Both binary and hexadecimal UUIDs (with or without separators) are accepted. The return value is a ULID string in the canonical Base32 form. Note that the "timestamp" of such a ULID is not to be relied upon.

A ULID can also be converted to a UUID:

 $uuid = ulid_to_uuid($binary_or_canonical_ulid);

The UUID returned by this function is a string in the standard hyphenated hexadecimal format. Note that the variant and version indicators of such a UUID are meaningless.

UUID conversion limitations

Since both ULIDs and UUIDs are 128-bit, conversion back and forth is possible in principle. However, the two formats have different semantics. Also, any given UUID version has at most 122 bits of variance (4 bits being reserved as variant and version indicators), while all 128 bits of the ULID format can vary without violating the format description. This means that the conversion can never be made perfect.

It would be possible to maintain the approximate timestamp of a Version 1 UUID when converting to ULID, as well as to keep the timestamp of a ULID when converting to UUID. However, since many UUIDs are not of Version 1, and given the different semantics of the two formats, the conversion provided by this module is much simpler and does not preserve the timestamps. In fact, about the only desirable property that the chosen conversion method has is that it is uniformly bidirectional, i.e.

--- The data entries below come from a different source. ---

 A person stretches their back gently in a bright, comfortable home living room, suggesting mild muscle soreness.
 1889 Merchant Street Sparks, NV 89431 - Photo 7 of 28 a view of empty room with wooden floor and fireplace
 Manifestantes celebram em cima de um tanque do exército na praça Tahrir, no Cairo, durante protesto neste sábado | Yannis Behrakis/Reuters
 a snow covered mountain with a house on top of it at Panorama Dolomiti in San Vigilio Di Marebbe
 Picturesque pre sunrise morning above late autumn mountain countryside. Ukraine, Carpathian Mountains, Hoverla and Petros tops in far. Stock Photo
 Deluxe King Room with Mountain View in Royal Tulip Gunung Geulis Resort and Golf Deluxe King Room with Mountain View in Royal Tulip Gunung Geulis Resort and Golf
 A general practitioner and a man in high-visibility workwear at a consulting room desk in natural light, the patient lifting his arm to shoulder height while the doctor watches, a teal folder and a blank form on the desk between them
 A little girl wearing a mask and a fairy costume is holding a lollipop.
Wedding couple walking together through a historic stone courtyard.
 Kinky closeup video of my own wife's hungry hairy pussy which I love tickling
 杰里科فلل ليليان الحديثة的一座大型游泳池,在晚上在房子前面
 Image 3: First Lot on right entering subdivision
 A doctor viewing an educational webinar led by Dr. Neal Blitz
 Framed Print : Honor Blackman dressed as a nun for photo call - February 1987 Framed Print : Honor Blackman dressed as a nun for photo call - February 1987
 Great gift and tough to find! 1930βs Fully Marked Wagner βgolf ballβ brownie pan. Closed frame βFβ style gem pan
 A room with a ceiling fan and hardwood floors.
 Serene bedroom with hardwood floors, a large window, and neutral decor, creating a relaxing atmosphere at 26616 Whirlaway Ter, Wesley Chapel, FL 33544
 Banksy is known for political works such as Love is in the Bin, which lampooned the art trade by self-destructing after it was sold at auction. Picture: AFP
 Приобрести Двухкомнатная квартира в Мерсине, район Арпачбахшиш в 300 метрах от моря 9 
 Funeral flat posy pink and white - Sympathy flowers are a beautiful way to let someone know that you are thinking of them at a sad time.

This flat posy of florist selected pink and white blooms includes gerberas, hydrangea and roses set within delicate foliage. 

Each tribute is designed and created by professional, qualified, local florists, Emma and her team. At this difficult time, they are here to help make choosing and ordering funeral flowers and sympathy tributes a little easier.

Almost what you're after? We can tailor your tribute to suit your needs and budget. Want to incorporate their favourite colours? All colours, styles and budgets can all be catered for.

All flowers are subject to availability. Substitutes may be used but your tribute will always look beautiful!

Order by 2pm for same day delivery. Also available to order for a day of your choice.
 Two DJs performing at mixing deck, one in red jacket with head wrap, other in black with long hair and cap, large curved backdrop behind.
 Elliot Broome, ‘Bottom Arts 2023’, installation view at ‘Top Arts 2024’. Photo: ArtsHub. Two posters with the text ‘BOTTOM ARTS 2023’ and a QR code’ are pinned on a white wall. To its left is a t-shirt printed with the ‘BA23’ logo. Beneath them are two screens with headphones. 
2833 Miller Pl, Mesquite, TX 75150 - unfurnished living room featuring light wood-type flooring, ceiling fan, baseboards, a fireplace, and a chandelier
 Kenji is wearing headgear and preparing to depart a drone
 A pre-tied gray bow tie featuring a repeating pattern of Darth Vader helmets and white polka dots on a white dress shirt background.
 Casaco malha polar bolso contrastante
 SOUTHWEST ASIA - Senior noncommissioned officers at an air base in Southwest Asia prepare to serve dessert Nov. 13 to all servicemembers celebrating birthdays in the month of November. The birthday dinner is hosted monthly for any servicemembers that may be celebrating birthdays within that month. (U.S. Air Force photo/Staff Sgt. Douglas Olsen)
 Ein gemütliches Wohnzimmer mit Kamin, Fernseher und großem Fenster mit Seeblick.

 $uuid eq ulid_to_uuid(ulid_to_uuid($uuid))

and

 $ulid eq uuid_to_ulid(ulid_to_uuid($ulid))

This approach has two immediate consequences:

  1. The "timestamps" of ULIDs created by converting UUIDs are meaningless.

  2. The variant and version indicators of UUIDs created by converting ULIDs are similarly wrong. Such UUIDs should only be used in contexts where no checking of these fields will be performed and no attempt will be made to extract or validate non-random information (i.e. timestamp, MAC address or namespace).

DEPENDENCIES

Math::Random::Secure, Encode::Base32::GMP.

AUTHOR

Baldur Kristinsson, December 2016

LICENSE

This is free software. It may be copied, distributed and modified under the same terms as Perl itself.

VERSION HISTORY

 0.1   - Initial version.
 0.2   - Bugfixes: (a) fix errors on Perl 5.18 and older, (b) address an issue
         with GMPz wrt Math::BigInt objects.
 0.3   - Bugfix: Try to prevent 'Inappropriate argument' error from pre-0.43
         versions of Math::GMPz.
 0.4   - Bugfix: 'Invalid argument supplied to Math::GMPz::overload_mod' for
         older versions of Math::GMPz on Windows and FreeBSD. Podfix.
 1.0.0 - UUID conversion support; semantic versioning.